Among the records that follow, find the line with "Merzouga, Morocco Sand" and the line with "A silver glittery". Set down those lines and all lines between them exactly, without adding anything.
────
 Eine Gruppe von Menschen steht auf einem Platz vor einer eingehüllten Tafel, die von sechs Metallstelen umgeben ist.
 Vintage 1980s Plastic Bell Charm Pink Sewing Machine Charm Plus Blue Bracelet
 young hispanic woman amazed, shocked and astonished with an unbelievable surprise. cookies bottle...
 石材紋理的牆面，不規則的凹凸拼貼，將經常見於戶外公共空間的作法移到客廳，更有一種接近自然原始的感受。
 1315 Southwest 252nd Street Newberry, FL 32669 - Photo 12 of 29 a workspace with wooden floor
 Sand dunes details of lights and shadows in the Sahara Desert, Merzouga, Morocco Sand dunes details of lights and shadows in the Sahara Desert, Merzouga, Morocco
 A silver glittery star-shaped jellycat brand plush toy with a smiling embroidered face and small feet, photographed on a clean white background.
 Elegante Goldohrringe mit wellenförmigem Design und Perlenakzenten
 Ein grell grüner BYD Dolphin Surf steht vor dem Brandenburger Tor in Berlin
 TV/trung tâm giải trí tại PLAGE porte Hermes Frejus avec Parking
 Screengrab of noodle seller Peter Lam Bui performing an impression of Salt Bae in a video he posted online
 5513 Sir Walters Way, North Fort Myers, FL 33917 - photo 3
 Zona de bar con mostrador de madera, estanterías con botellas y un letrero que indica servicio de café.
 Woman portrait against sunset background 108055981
────
__EXERCISE ANSWER__:
 Sand dunes details of lights and shadows in the Sahara Desert, Merzouga, Morocco Sand dunes details of lights and shadows in the Sahara Desert, Merzouga, Morocco
 A silver glittery star-shaped jellycat brand plush toy with a smiling embroidered face and small feet, photographed on a clean white background.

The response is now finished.